FBI: Fla. naval air station shooter linked to al-Qaida
The contacts between the shooter and the al-Qaida operative were discovered after federal authorities accessed the shooter's phone
WASHINGTON — The gunman in a deadly attack at a military base in Pensacola, Florida, last December was meticulous in his planning and had been radicalized overseas for at least five years, U.S. officials said Monday.
The FBI learned of the contacts between the gunman, Mohammed Saeed Alshamrani, after breaking the encryption on cellphones that had previously been locked.
The contacts between the shooter, Mohammed Alshamrani, and the al-Qaida operative were discovered on the shooter's phone, according to the official, who was not authorized to discuss the case by name and spoke on the condition of anonymity.
Alshamrani, who was killed by a sheriff’s deputy during the rampage at a classroom building, was undergoing flight training at Pensacola, where members of foreign militaries routinely receive instruction.
The Justice Department had previously asked Apple to help extract data from two iPhones that belonged to the gunman, including one that authorities say Alshamrani damaged with a bullet after being confronted by law enforcement.
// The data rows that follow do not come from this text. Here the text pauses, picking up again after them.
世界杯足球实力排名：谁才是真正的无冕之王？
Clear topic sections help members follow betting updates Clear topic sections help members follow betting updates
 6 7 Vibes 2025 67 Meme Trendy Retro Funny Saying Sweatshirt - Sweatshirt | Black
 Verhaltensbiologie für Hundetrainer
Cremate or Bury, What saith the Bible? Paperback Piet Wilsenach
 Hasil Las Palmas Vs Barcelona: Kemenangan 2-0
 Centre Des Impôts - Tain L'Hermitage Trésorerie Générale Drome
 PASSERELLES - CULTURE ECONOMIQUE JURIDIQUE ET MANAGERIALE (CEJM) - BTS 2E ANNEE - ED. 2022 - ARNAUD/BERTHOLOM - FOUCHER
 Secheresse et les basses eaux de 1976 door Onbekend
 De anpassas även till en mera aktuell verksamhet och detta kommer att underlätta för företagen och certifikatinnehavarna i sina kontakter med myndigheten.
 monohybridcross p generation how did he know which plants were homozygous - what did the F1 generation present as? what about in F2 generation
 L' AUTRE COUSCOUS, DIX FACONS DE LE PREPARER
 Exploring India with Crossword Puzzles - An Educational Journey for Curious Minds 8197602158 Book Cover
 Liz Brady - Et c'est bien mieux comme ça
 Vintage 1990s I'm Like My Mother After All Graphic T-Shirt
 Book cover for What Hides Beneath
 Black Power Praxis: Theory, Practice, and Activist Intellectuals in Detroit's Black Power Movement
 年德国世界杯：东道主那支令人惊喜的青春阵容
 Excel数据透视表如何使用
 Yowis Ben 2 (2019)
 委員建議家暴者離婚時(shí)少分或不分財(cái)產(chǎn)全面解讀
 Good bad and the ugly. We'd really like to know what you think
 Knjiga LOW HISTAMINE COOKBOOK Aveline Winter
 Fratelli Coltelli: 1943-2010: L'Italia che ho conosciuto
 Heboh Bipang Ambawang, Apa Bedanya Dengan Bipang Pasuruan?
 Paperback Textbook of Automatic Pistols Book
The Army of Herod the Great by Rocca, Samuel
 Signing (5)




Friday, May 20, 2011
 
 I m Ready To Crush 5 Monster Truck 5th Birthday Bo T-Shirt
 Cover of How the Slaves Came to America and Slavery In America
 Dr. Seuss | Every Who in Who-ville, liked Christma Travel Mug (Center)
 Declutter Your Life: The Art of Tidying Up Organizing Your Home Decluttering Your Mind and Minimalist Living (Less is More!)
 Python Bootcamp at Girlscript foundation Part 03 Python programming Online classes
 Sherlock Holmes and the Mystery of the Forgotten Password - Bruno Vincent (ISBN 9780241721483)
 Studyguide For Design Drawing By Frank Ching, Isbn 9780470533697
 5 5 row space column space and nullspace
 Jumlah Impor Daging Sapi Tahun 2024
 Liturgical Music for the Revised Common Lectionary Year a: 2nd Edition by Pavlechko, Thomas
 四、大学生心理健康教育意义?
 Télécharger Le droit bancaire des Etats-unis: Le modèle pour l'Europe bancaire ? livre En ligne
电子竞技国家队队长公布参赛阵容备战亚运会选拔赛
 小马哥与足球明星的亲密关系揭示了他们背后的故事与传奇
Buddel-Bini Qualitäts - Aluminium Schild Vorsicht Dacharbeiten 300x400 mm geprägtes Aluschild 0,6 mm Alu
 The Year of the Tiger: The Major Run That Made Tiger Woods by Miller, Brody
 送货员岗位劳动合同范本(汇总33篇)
It was not immediately clear how the FBI and Justice Department were able to ultimately access the phone.
Law enforcement officials left no doubt that Alshamrani was motivated by jihadist ideology, saying he visited a New York City memorial to the attacks of Sept. 11, 2001, over the Thanksgiving holiday weekend and posted anti-American and anti-Israeli messages on social media just two hours before the shooting.
Separately, al-Qaida’s branch in Yemen, released a video claiming the attack. The branch, al-Qaida in the Arabian Peninsula, or AQAP, has long been considered the global network’s most dangerous branch and has attempted to carry out attacks on the U.S. mainland.
In January, U.S. officials announced that they were sending home 21 Saudi military students after an investigation revealed that they had had jihadist or anti-American sentiments on social media pages or had “contact with child pornography."
Barr said at the time that Saudi Arabia had agreed to review the conduct of all 21 to see if they should face military discipline and to send back anyone the U.S. later determines should face charges.